Discussions on the new investment have already commenced, and the new plant is expected to come on stream before the end of the year.
Global Chief Executive Officer (CEO) of Unilever, Paul Polman, who fielded questions from journalists at the sidelines of the “University for a Night 2014” which held recently in New York City, United States of America, described Nigeria as an attractive economy with a great investment potential that is irresistible.
University for a Night brought together leaders around the world, who converged on Gotham Hall, Broadway, New York City, to share ideas and inspiration on how to work together in an effort to overcome poverty and create a more sustainable and prosperous world.
The major hallmark of the night was the presentation of the David Rockefeller Bridging Leadership Awards to Polman; Nigeria’s Coordinating Minister for the Economy and Minister of Finance, Dr. Ngozi Okonjo-Iweala; and Governor of the State of Para, Brazil, Simao Jatene.
According to Polman, with its impressive economic growth, a huge reservoir of human and material resources, and its recent emergence as Africa’s biggest economy, any investor who is not presently in Nigeria or making an inroad would be missing a great deal.
During his maiden visit to the country as CEO in 2010, the Unilever CEO had said although “Nigeria is not an easy environment because of the various challenges with infrastructure, etc, but what we do as a business is to identify where we are and what we can do to make it better”.

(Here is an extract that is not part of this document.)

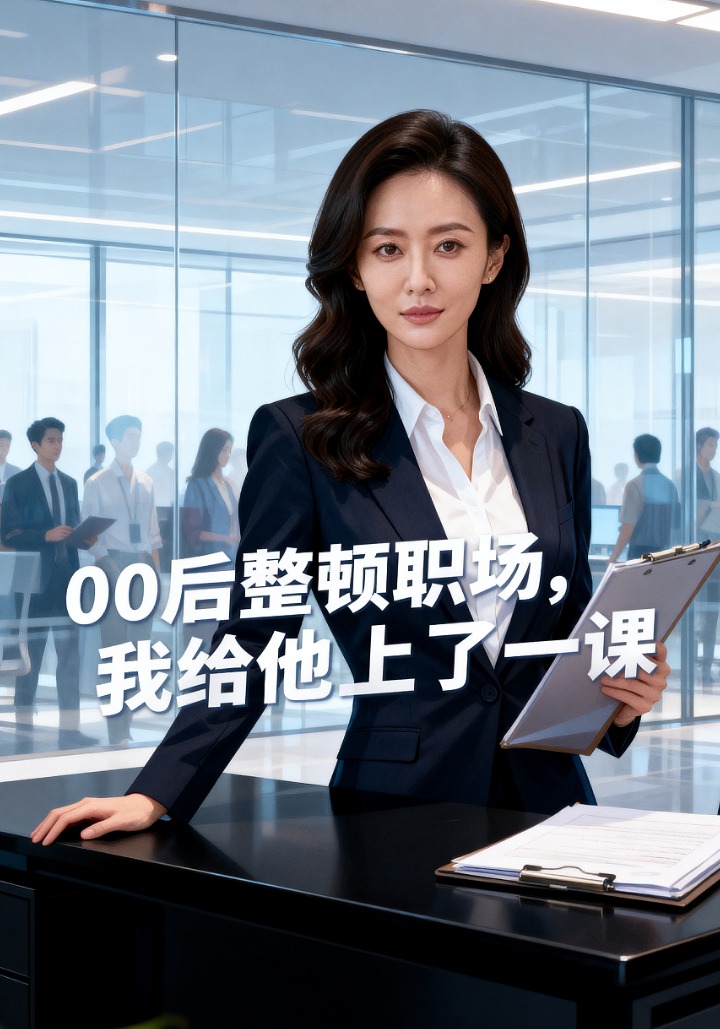 00后整顿职场，我给他上了一课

Giving more insight into the planned $150 million investment for the new plant, he said discussions had progressed speedily with top Nigerian officials, including Okonjo-Iweala.

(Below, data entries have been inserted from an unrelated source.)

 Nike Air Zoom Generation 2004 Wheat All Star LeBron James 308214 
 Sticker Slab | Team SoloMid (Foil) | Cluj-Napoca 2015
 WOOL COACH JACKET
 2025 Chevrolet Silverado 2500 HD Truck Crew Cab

Commenting on Okonjo-Iweala, a co-honouree of the David Rockefeller Bridging Leadership Awards, Polman described the minister as highly deserving of the award, saying that she is a highly respected, passionate professional and global figure, with great leadership qualities who is desirous of impacting positively on the lives of people, especially the poor.

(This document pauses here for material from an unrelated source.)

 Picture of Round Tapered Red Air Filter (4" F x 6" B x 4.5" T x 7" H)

Having worked together with her at different global fora, Polman said he could attest to the minister’s passion to work for a better world, adding that Nigeria was fortunate to have a consummate technocrat, achiever and humanist like the minister.
In her remarks before presenting the award, the Chair of David Rockefeller Foundation, Peggy Dulany, said the choice of Okonjo-Iweala was deserving, having followed her track record and efforts to touch the lives of the poor both at the global level and presently in Nigeria where she initiated specific intervention programmes to tackle poverty and create jobs.
Dulany, who is the great, great granddaughter of the famous American billionaire philanthropist, John D. Rockefeller, said deciding on the awardees was not an easy task as those who eventually emerged were people with proven track record in tackling poverty.
The foundation supports initiatives in more than 30 countries and regions. It has staff and representatives in Africa, Europe, Middle East and Latin America.
Reacting to the David Rockefeller Bridging Leadership award, Okonjo-Iweala, who said she was humbled by the conferment, noted that she was dedicating it to Nigeria, just as her co-awardee, Polman dedicated his to Unilever.
The minister noted that although Nigeria had recorded impressive economic growth, it was faced with some challenges, including a high rate of unemployment, poverty and high income disparities, which she said the President Goodluck Jonathan administration is addressing through various initiatives, including the Youth Enterprise With Innovation in Nigeria (YouWiN), Graduate Internship Programme (GIP), and the Subsidy Reinvestment and Empowerment Programme ((SURE-P), among others.
On how she felt about the award, the minister said: “Well, it means a lot to me. Of course, it is a very wonderful gesture; recognition that came as a surprise and it is good to be in a company like this. So I feel very honoured, very humbled, but I am also happy for Nigeria that we have this kind of recognition.”
Commenting on the award coming immediately after the rebased gross domestic product (GDP), which catapulted Nigeria to the top spot as Africa’s largest economy, the minister said the emergence of Nigeria as the largest economy had nothing to do with it (the award).
“They had almost six months ago actually informed me I was going to get this award. The fact that Nigeria is the largest economy is a separate issue,” she said, adding that Nigeria’s new status was not in doubt as confirmed by relevant global bodies, including the World Bank.
She also expressed joy over the new investment drive by Unilever, pointing out that this would create more jobs for the youths and stimulate growth.